To bring a specific tab to the forefront, press the mnemonic for that tab. When the tab becomes active, you’ll see another series of mnemonics, this time representing commands on that tab. Tabs that contain groups with dialog launchers also display mnemonics that you can use to open a dialog box. For instance, if you press Alt P to bring the Page Layout tab to the forefront, you can launch the Page Setup dialog by pressing SP (without simultaneously pressing the Alt key).

Note that although the letter mnemonics appear in capitals, they are not case-sensitive.

To turn off the mnemonics, you can press the Alt key again or press the Esc key.

Another quick note about using mnemonics to navigate the Ribbon: Once you have activated a tab, you can use the arrow keys to move around within that tab (and execute commands).

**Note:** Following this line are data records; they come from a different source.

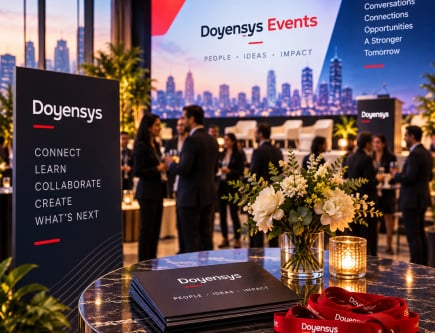 Guests networking at a Doyensys Events reception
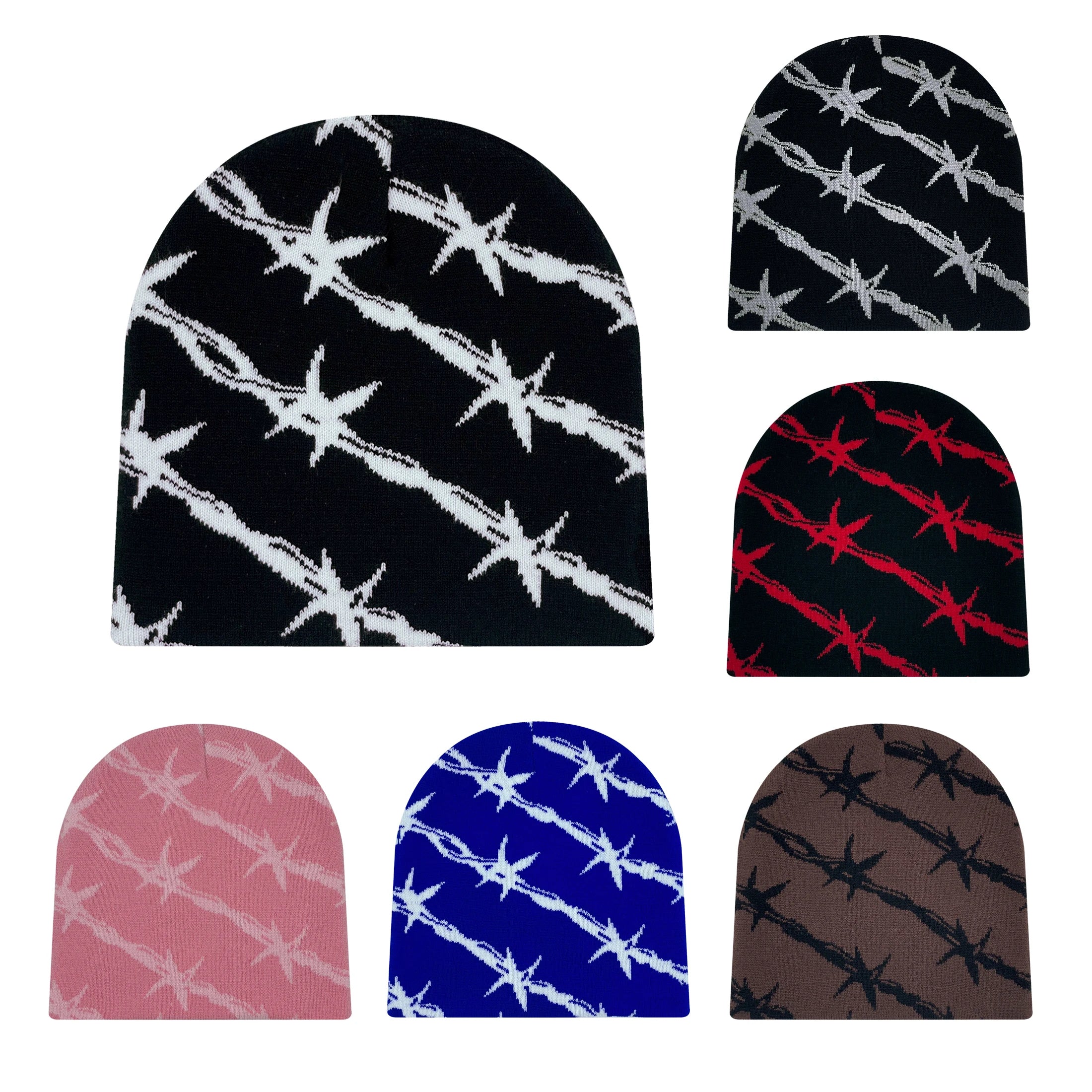 Barbed Wire Pattern Knit Beanie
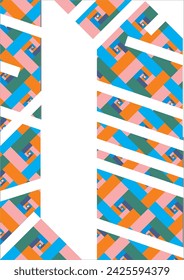 The background image uses grid lines in blue and orange tones, used in walls and graphics.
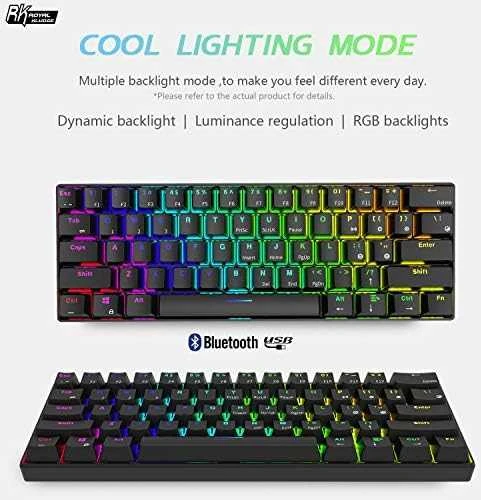 Royal Kludge RK61 klaviatūra | 60%, Hot-swap, Mėlyna Switches, US, juoda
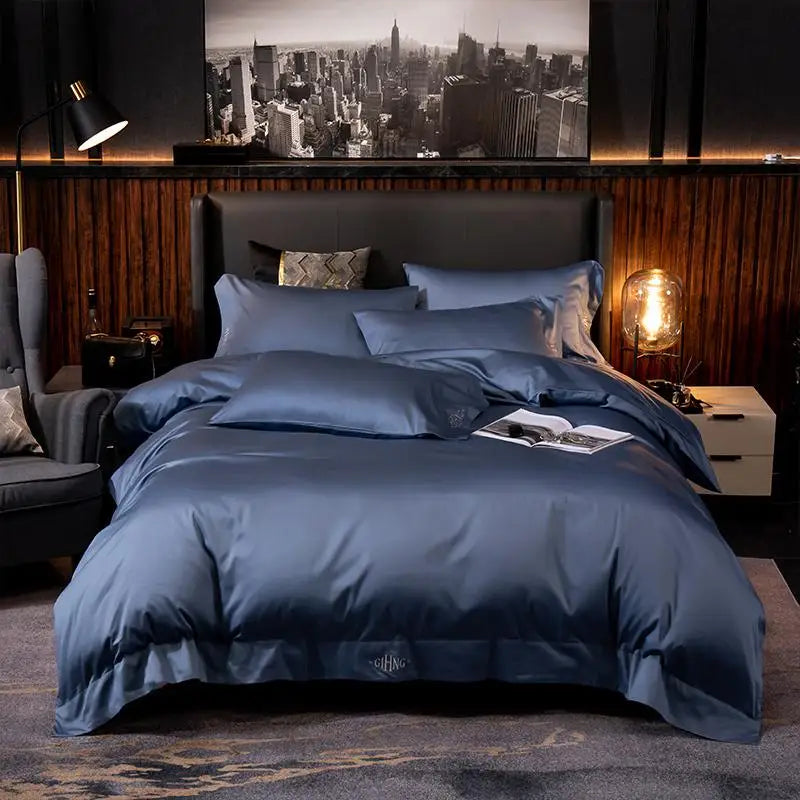 Egyptian Cotton Duvet Set - White/Grey, Queen/King, 4/6PC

First, press the down arrow to position the cursor inside the tab.[3] The right arrow key will move the cursor from command to command, starting at the left side of the tab and moving rightward. (After moving the cursor rightward, you can use the left arrow key to move the cursor to the left.) To execute a command, press the Enter key.

When you encounter a command with a drop-down, you can press the Alt key together with the down arrow key to open the drop-down. Press Esc to close the drop-down.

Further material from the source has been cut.